Publié le 01/09/2021 par Constance Pasquier et Kevin Giraud / Catégorie: Entrevue

De consultant à enseignant, d'enseignant à écrivain, d'écrivain à réalisateur. Avec Nous tous, Pierre Pirard signe un premier film d'une positivité qui fait chaud au cœur. Sans être naïf, cet essai didactique sur le faire ensemble nous fait voyager vers celles et ceux qui, à travers le monde, réussissent à dépasser la peur de l'autre pour réfléchir aux sociétés de demain. Rencontre avec ce cinéaste passionné et optimiste autour d'un projet documentaire plein d'espoir pour l'avenir.

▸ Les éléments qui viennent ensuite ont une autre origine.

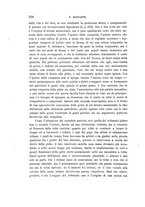 giornale/TO00194361/1908/unico/00000264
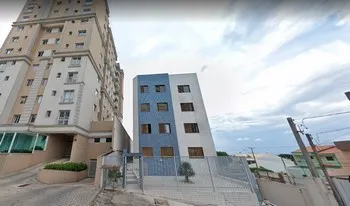 Imagem do Condomínio Residêncial Morada Nobre em São José Dos Pinhais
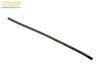 Genuine BMW Genuine BMW Hose - 11151726828 - E34,E36,E36 M3 11151726828 View 3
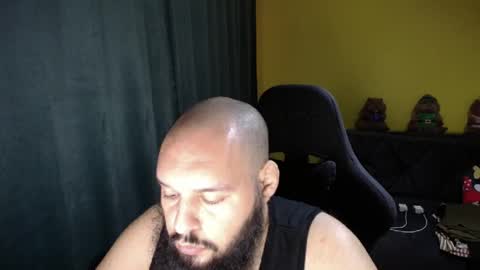 Ayan online show from November 28, 2025, 12:57 am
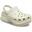 Chodaki dla dorosłych Crocs Classic bae clog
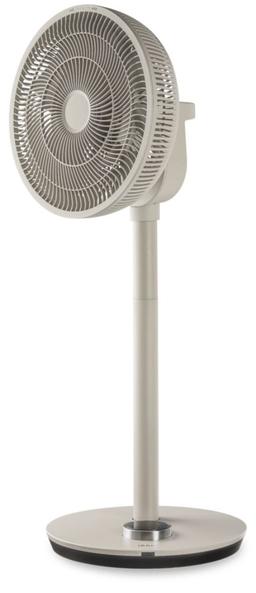 Refurbished Duux Whisper Flex Smart + Battery Pack - Reebelo Deutschland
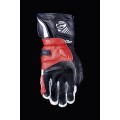 Five Gloves RFX3 Leather Gloves Five Gloves RFX3 Leather Gloves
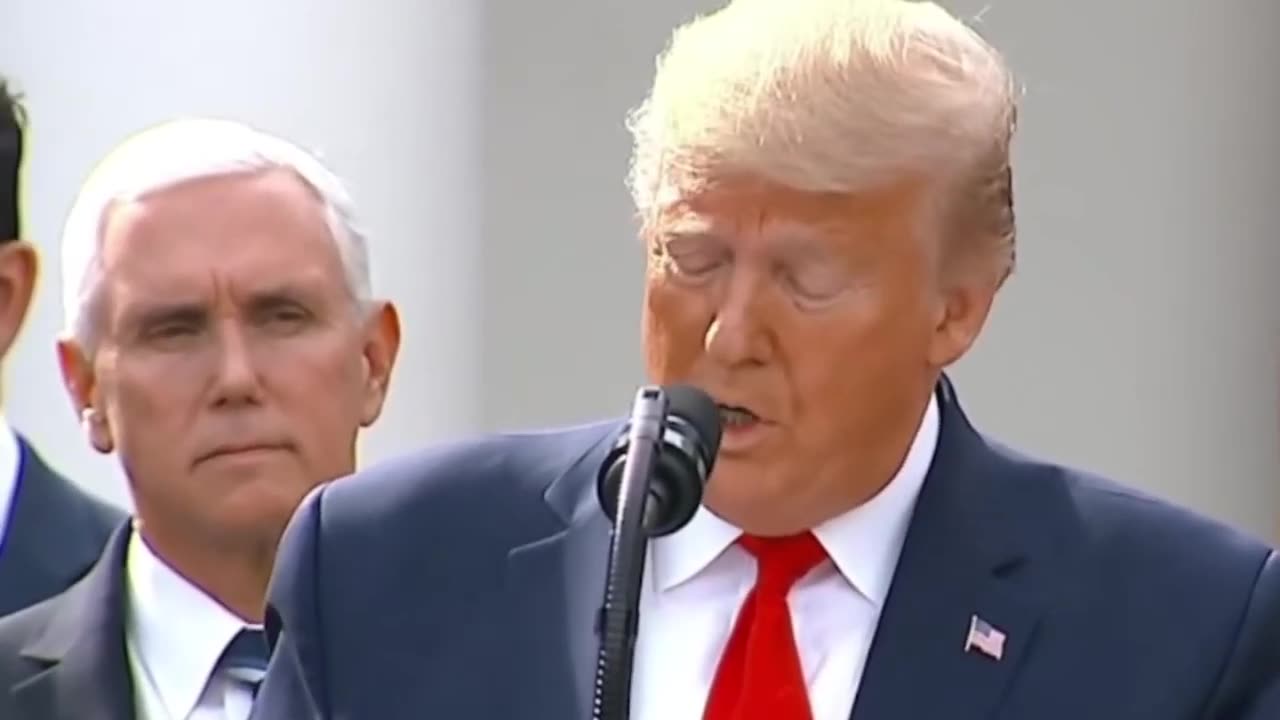 Tremendous - Donald Trump is Stupid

Cinergie : D'où vous est venue l'envie de faire ce documentaire ?
Pierre Pirard : Nous tous
, c'est d'abord le fruit d'une rencontre. La rencontre cruciale avec les élèves de l'école où j'enseignais à Molenbeek d'une part, et d'autre part dans ma vie personnelle, la confrontation directe avec les attentats de 2016, alors que je me trouvais par hasard à la sortie du métro Maelbeek le 22 mars 2016. De là m'est venue la question : "Comment ce fait-il que dans notre monde occidental, on n'y arrive pas, ce faire ensemble, alors que certains y parviennent dans d'autres pays, dans d'autres sociétés ?" L'idée, c'était donc de voir s'il était possible de montrer des histoires positives, de montrer que ce faire ensemble est possible, et à partir de là, imaginer ce que pourrait être une société multiculturelle et multi-identitaire.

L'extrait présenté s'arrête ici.